Pada kesempatan ngaji rutinan di Pondok Pesantren Mazro‘tul Ulum Damaran Kudus bersama KH. Baha’uddin NS. atau Gus Baha’, penulis yang kebetulan hadir di majelis mendengar secara langsung kritik yang beliau sampaikan terkait dengan taqsim. Beliau juga menyebutkan beberapa contoh pembagian yang kurang tepat secara makna dan ketersambungan narasi. Diantaranya seperti pada pada QS. An-Nisa [4] ayat 24 yang secara kebetulan menjadi awal juz’ 5 sekaligus awal hizb 9,

وَالْمُحْصَنَاتُ مِنَ النِّسَاءِ

“Dan (diharamkan juga kamu menikahi) perempuan yang bersuami”

Secara makna dan narasi, ayat ini masih memiliki kaitan dengan ayat sebelumnya, QS. An-Nisa’ [4] ayat 23, yang menjelaskan hukum wanita-wanita yang haram dinikahi,

حُرِّمَتْ عَلَيْكُمْ أُمَّهَاتُكُمْ . . . الأية

“Diharamkan atas kamu (menikahi) ibu-ibumu, . . .”
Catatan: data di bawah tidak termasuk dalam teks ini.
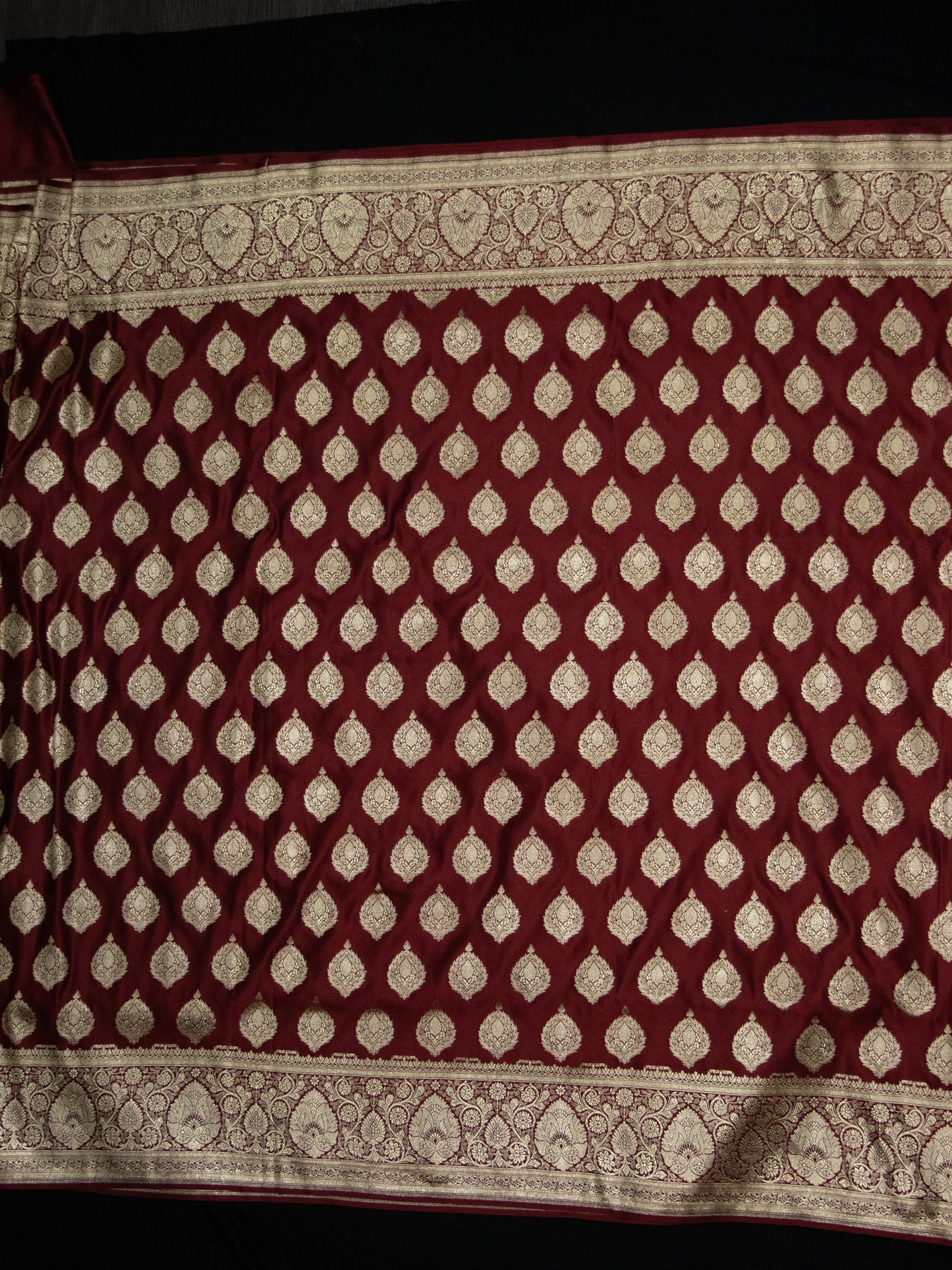 Banarasi Saree – Maroon with Big Butta Motifs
Kritik yang sama juga sering kali penulis dengar dari KH. A. Muhsinin Husnan, pengasuh Pondok Pesantren Sathi‘ul Burhanil Mubin, Bancar Tuban, yang juga guru penulis di Madrasah Ghozaliyah Syafi‘iyyah, Sarang. Menurut beliau, tajzi’ (pembagian juz’) Al-Qur’an harus diperbaharui dengan menyesuaikan konstruksi narasi dalam ayat. Atau dengan kata lain, sesuai dengan waqf dan ibtida’-nya.

Baca juga: Empat Pemetaan Kajian Al-Qur’an dan Tafsir Yang Penting Diketahui

Memang jika berpegangan pada kaidah waqf, sebagaimana disebutkan Ibn al-Jazariy dalam Al-Muqaddimah-nya, tidak ada waqf yang bersifat mengikat (wajib dan haram). Sehingga ulama yang condong kepada taqsim juga tidak dapat disalahkan begitu saja. Akan tetapi, alangkah baiknya jika selain mengacu pada taqsim, aspek ketersambungan makna dan narasi juga dipertimbangkan. Bukankah Al-Qur’an adalah hudan? Dan bukankah untuk sampai kepada hudan harus didahului dengan pemahaman? Dan bukankah pemahaman yang baik berawal dari pembacaan yang baik dan benar? Wallahu a‘lam bi al-shawab.